Auch ein speziellerer Antrag, der die Heimversorgung als solche Ausnahme in den Fokus nimmt, wurde letztlich in den Ausschuss verwiesen. Hier ist bekanntlich angedacht, dass Rezepte über KIM von der Arztpraxis ans Heim an die heimversorgende Apotheke geschickt werden sollen – was derzeit aber noch an einer Anbindung der Heime an die Telematikinfrastruktur scheitert. In der Praxis finden die Apotheken dennoch Wege – wirklich gesetzlich gedeckt sind diese allerdings nicht. Doch der Gesetzgeber hat das Problem bereits im Auge und will es eigentlich im Apothekenreformgesetz auflösen. Sofern es mit der Apothekenreform nicht klappt, habe das BMG bereits angekündigt, diese Neuregelung über einen Änderungsantrag zum Gesundheits-Digitalagentur-Gesetz einzubringen, erklärte Korf.

Mehr Öffentlichkeit für die Ausschussberatungen?
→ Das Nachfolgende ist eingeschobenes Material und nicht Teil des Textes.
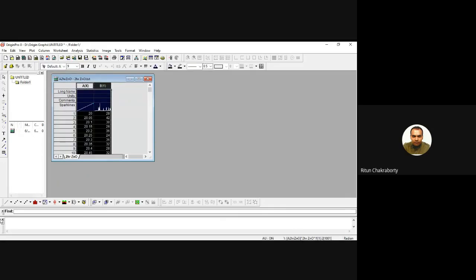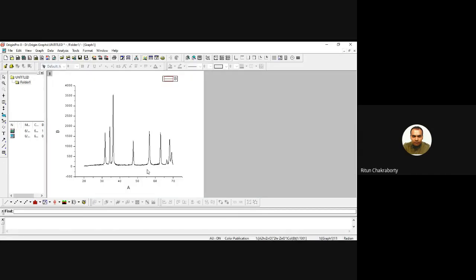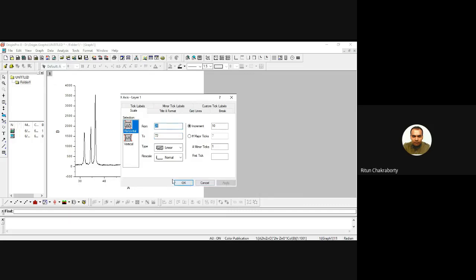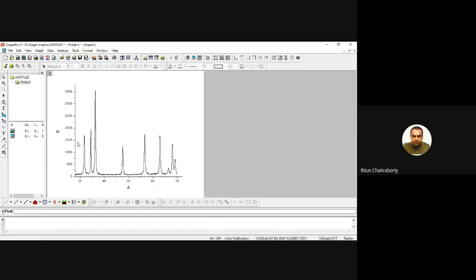Along the x-axis, two-theta angles are plotted, and along the y-axis the intensity of the X-ray diffraction peaks are plotted. Now we plot the data — this is the X-ray diffraction pattern for zinc oxide nanostructures. We can adjust the scales: double-click on the scale, set the x-axis from 28 to 72, and the y-axis from minus 10 to 3750, then apply.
Zum Schluss wurde noch über einen Antrag der Kammer Berlin diskutiert, wonach sich die Hauptversammlung dafür aussprechen sollte, dass die Beratungen der in die Ausschüsse verwiesenen Anträge künftig allen interessierten Delegierten in hybrider Form zugänglich sein sollen. Seitens der ABDA gab es wenig Verständnis für das Anliegen. Die Antragsteller würden bereits zu diesen Ausschusssitzungen eingeladen und sie könnten auch weitere Interessierte mitbringen. Nach dem Austausch der Argumente wollte die Kammer den Antrag nachschärfen – am Freitag wurde die Diskussion nochmals aufgegriffen, doch die Antragsteller zogen ihr Anliegen letztlich zurück.